▶ PROBLEM TO SOLVE
Each record must be returned exactly, apart from the pictures, which stay out.

Captioned web image data
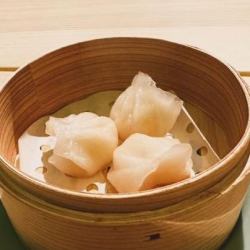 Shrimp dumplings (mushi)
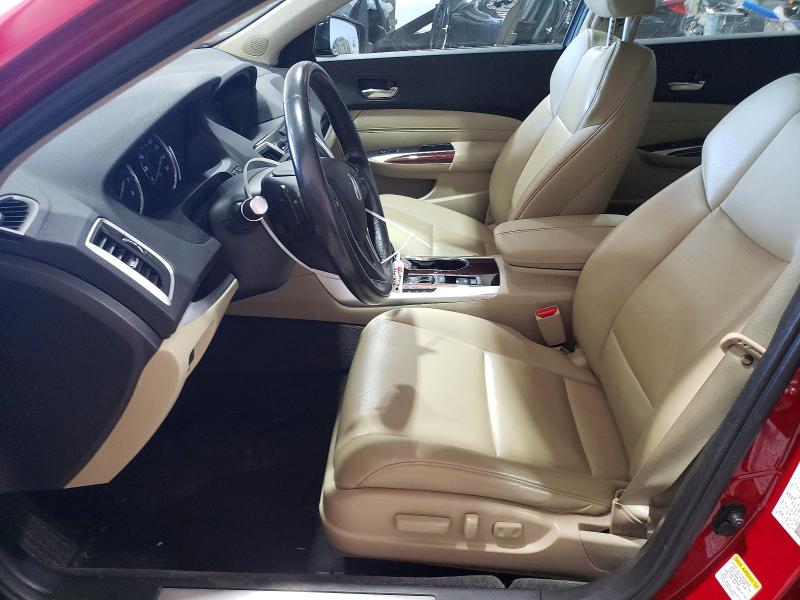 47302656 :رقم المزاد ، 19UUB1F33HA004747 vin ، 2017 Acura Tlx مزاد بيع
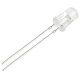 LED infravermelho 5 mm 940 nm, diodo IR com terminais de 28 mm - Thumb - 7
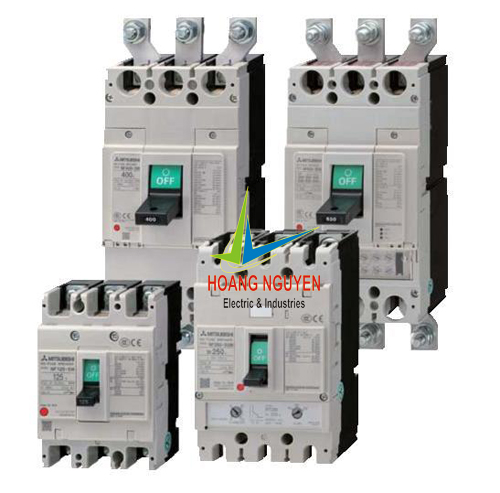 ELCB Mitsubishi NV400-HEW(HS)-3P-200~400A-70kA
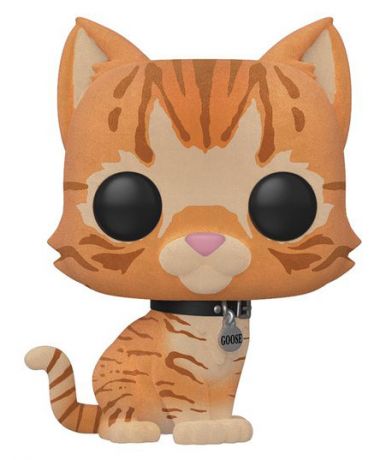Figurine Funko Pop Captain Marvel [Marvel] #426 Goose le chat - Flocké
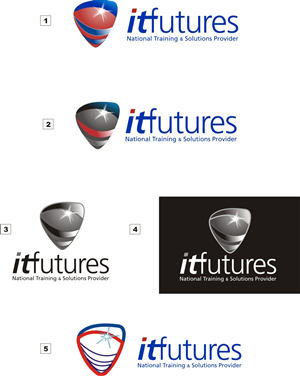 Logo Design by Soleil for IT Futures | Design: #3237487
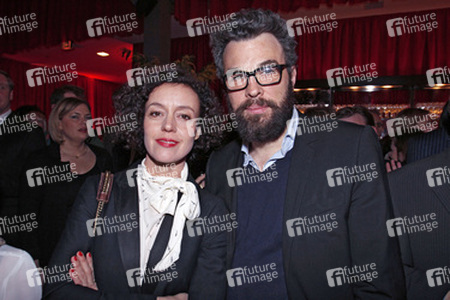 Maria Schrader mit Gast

▶ RESULT
 Shrimp dumplings (mushi)
 47302656 :رقم المزاد ، 19UUB1F33HA004747 vin ، 2017 Acura Tlx مزاد بيع
 LED infravermelho 5 mm 940 nm, diodo IR com terminais de 28 mm - Thumb - 7
 ELCB Mitsubishi NV400-HEW(HS)-3P-200~400A-70kA
Figurine Funko Pop Captain Marvel [Marvel] #426 Goose le chat - Flocké
 Logo Design by Soleil for IT Futures | Design: #3237487
 Maria Schrader mit Gast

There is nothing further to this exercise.